Assignment: What you return must match, exactly, the lines running from the one containing "Crow vs Japanese In Labor Force | Age 20-24" to the end of the data, both included, and must contain no pictures.

### Data for analysis ###

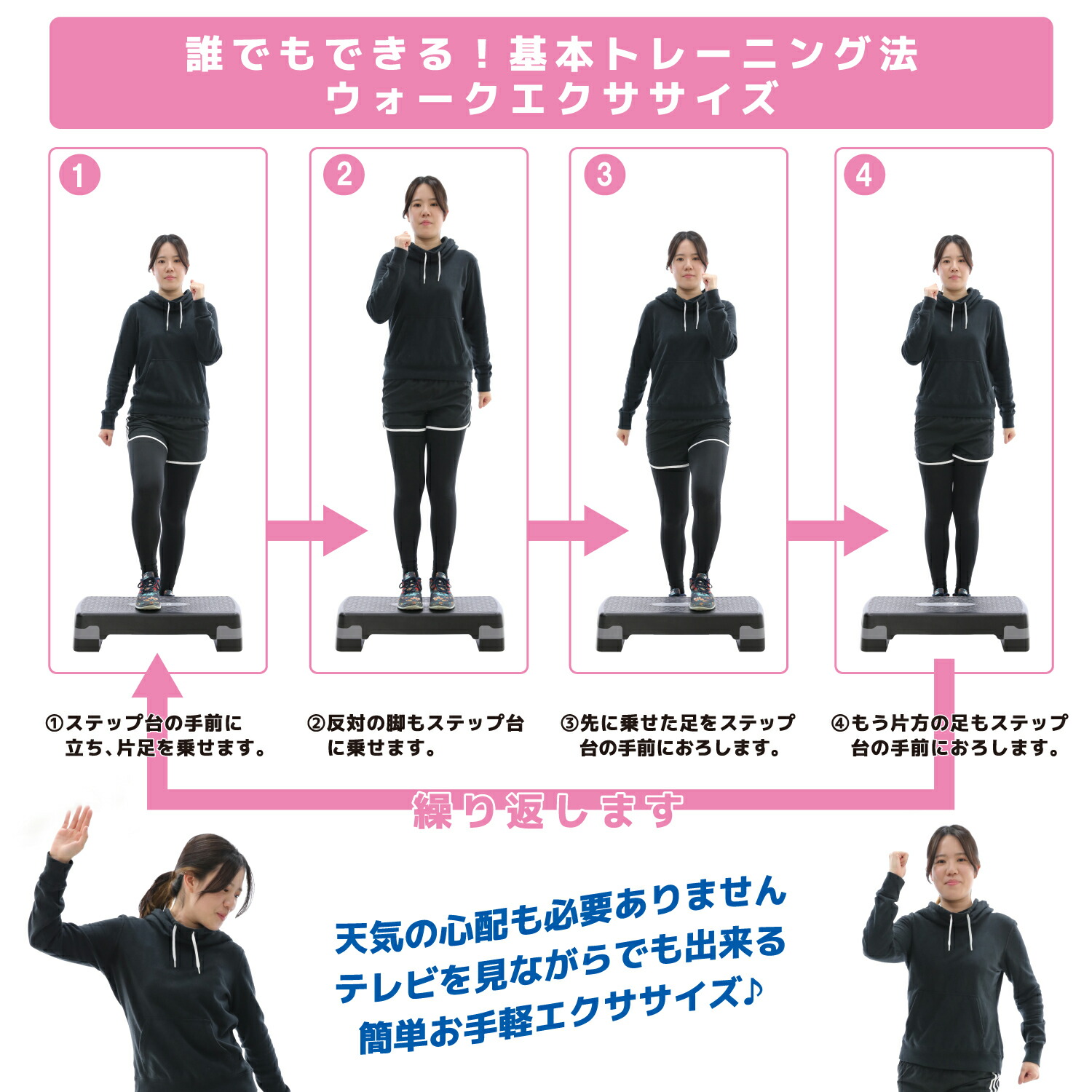 踏み台昇降ステップ台エクササイズステップボード高さ調節可天板底面すべり止め加工トレーニングガイド付【BE-style(ビースタイル)】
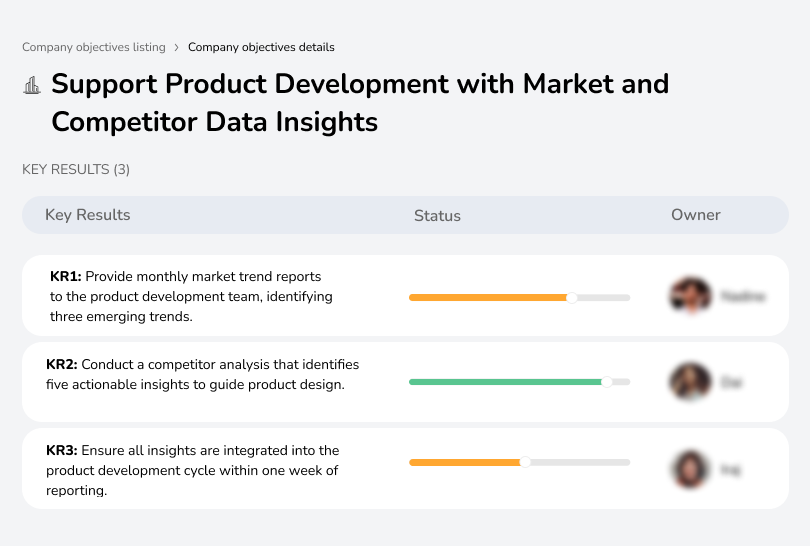 Objective to provide market and competitor insights, guiding product development and innovation.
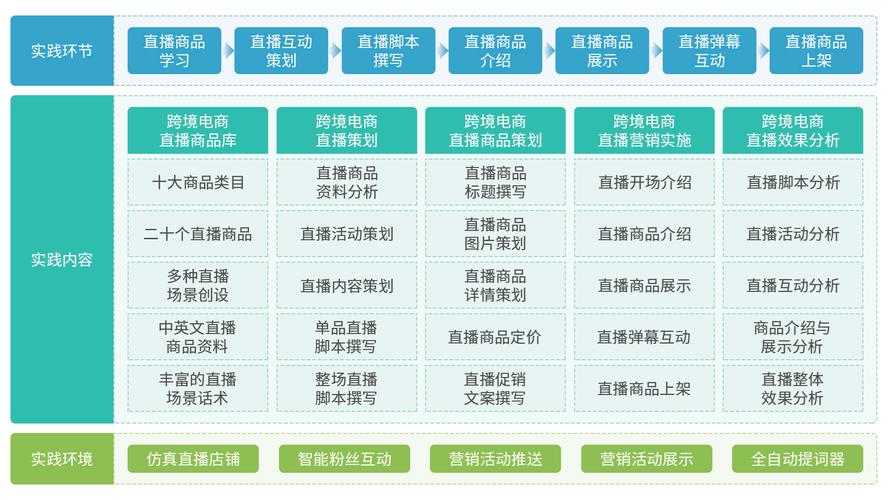跨境直播节点_跨境直播什么意思_跨境直播app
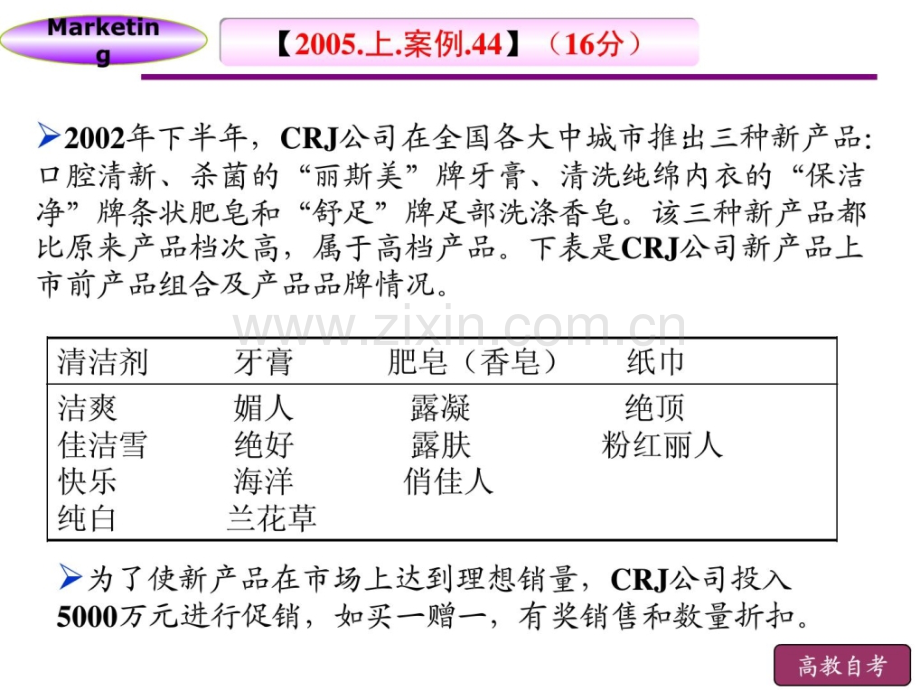 《市场营销学》积真题-案例剖析.ppt_第2页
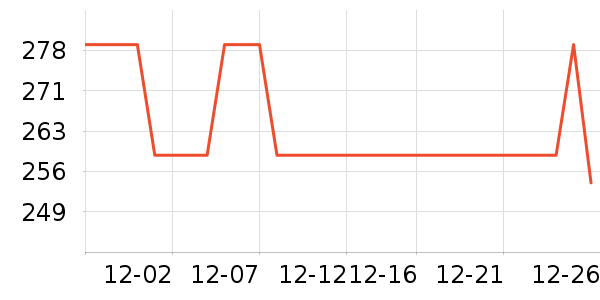 ��Ȼ�¾�ˮ�豸��ʷ�۸�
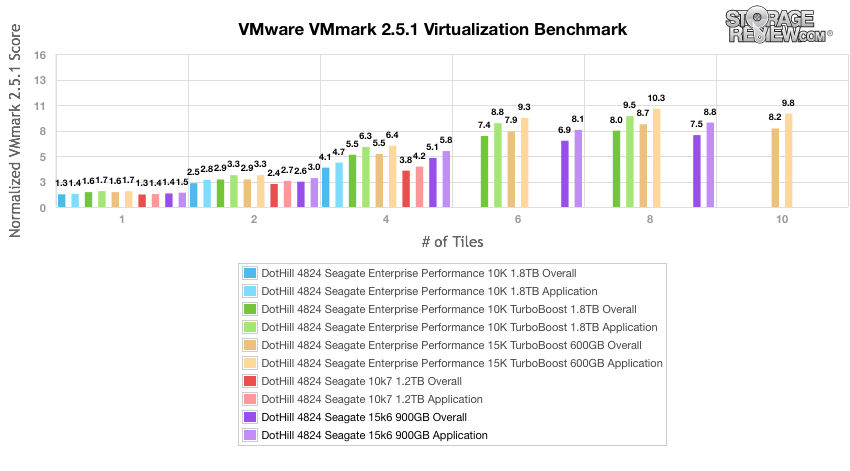 Đánh giá Seagate Enterprise Performance 15K HDD v6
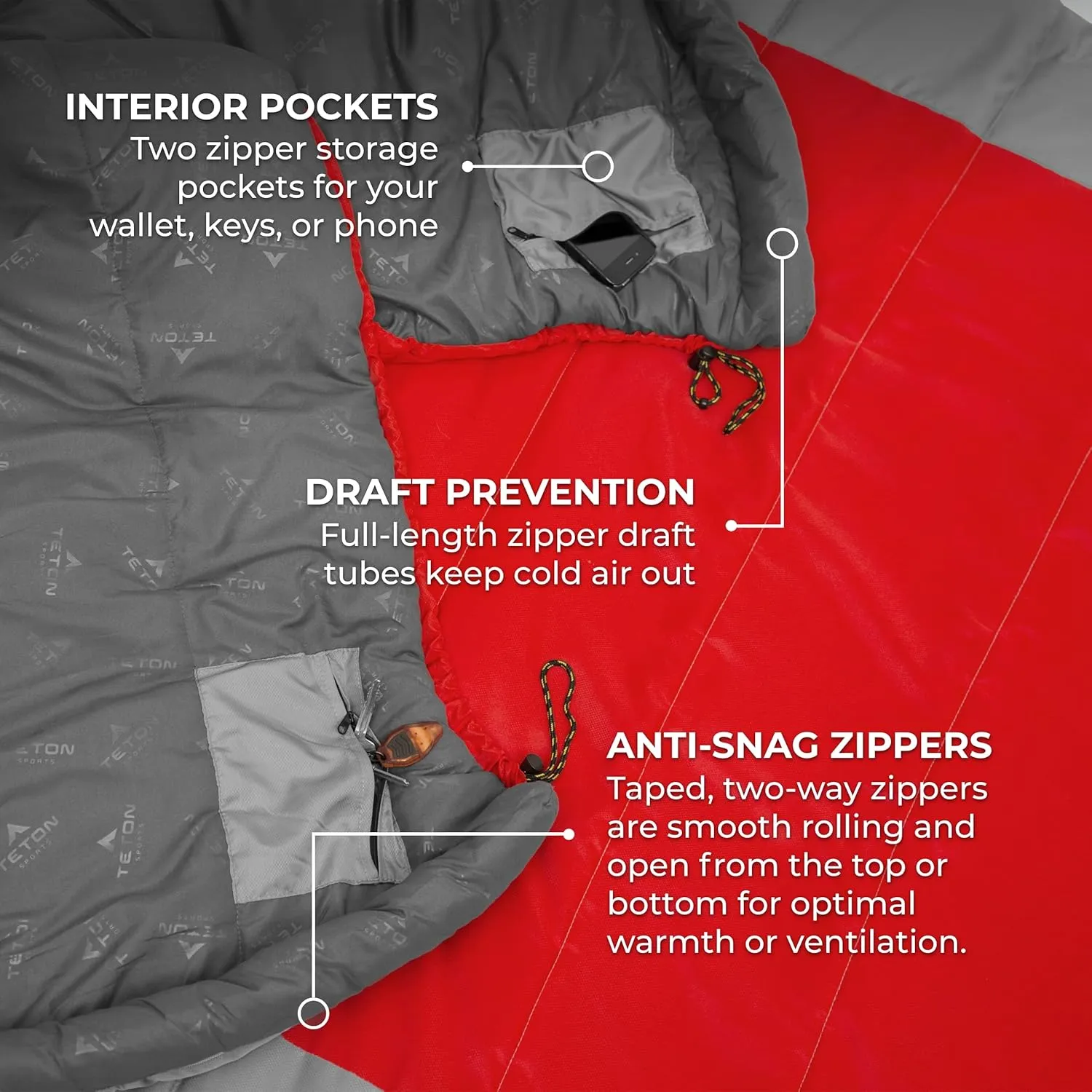 Teton 20F and 5F Degree Sleeping Bag; Lightweight, Warm Weather Mummy Sleeping Bags for Adults and Kids, Camping, Backpacking, Hiking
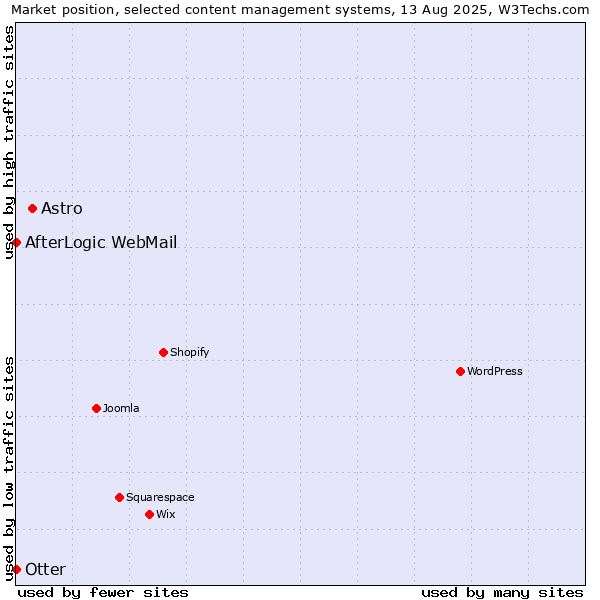 Market position of Astro vs. Otter vs. AfterLogic WebMail
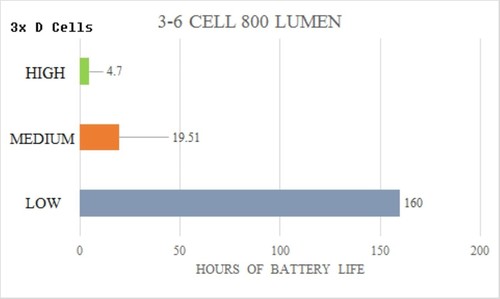 Transform Your Maglite with an 800 Lumen LED Replacement - Waterproof Design - Picture 5 of 8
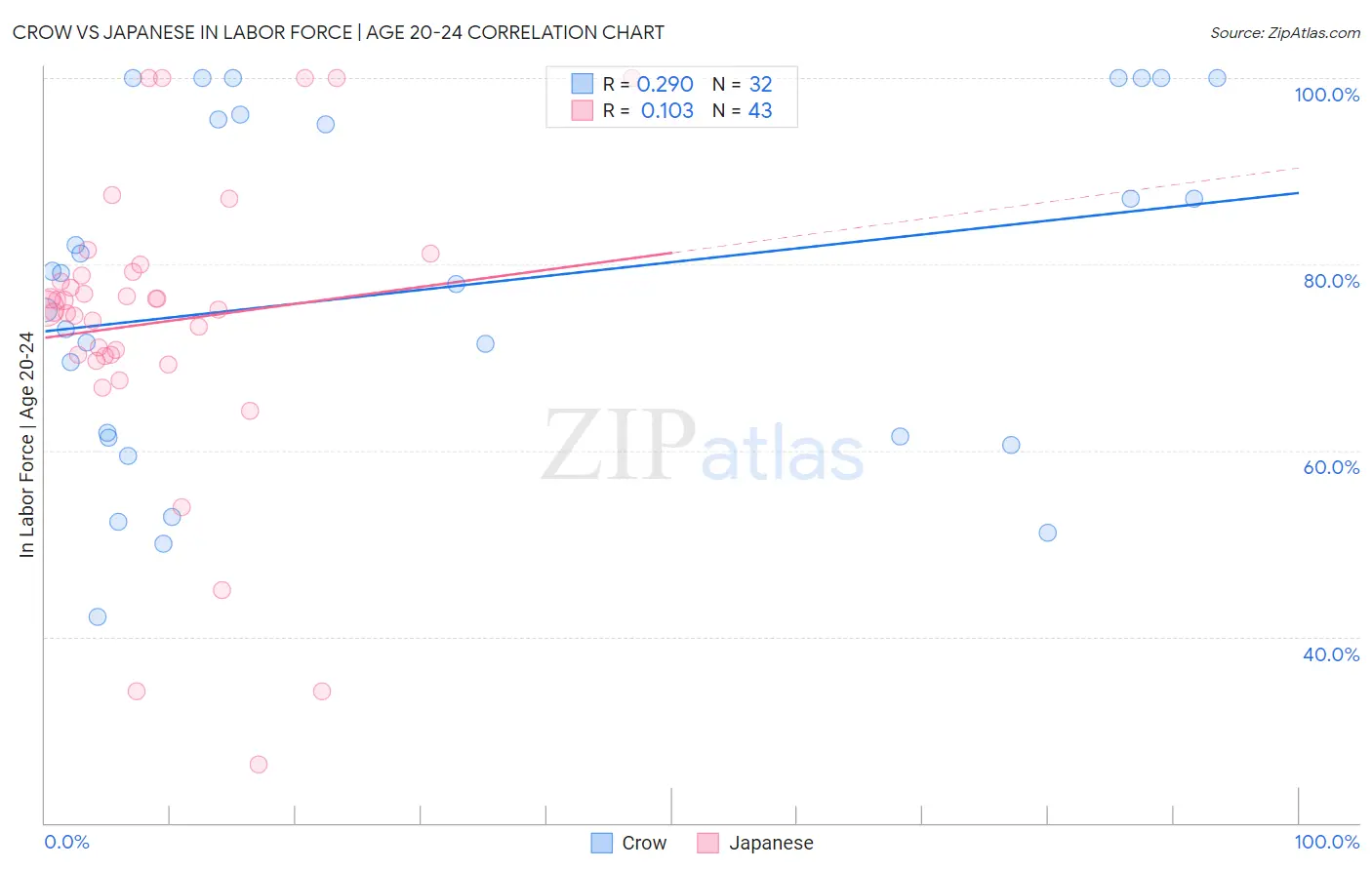 Crow vs Japanese In Labor Force | Age 20-24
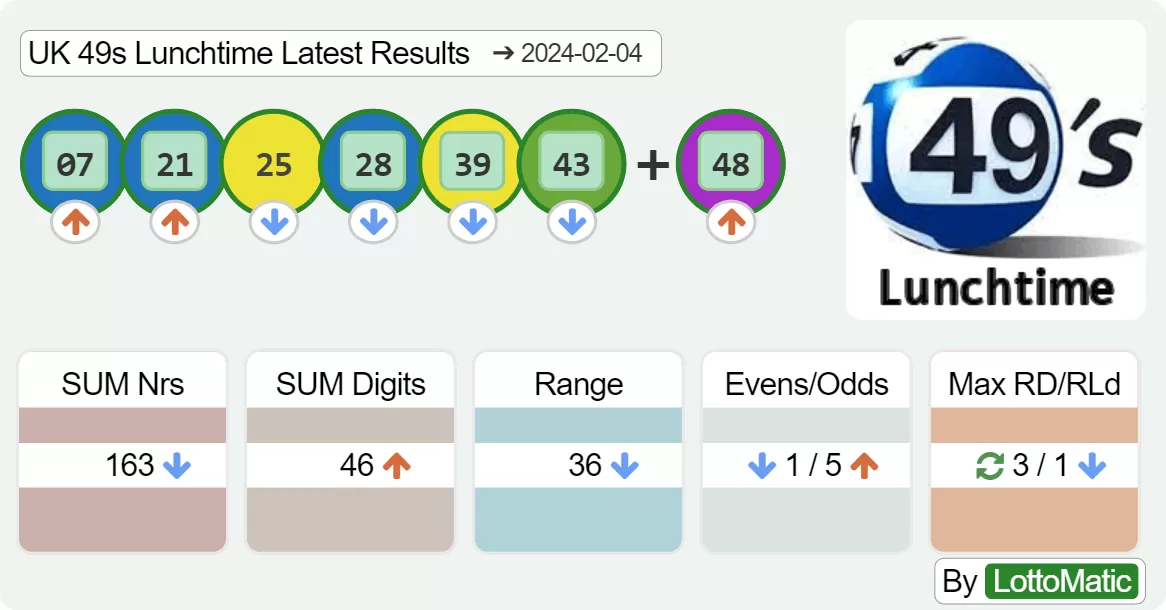 UK 49s Lunchtime results drawn on 2024-02-04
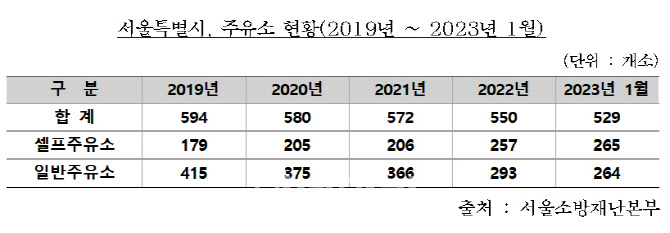 코로나에 인건비 급등…서울 '셀프주유소' 비중 절반 넘겨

###

Solution:
 Crow vs Japanese In Labor Force | Age 20-24
 UK 49s Lunchtime results drawn on 2024-02-04
 코로나에 인건비 급등…서울 '셀프주유소' 비중 절반 넘겨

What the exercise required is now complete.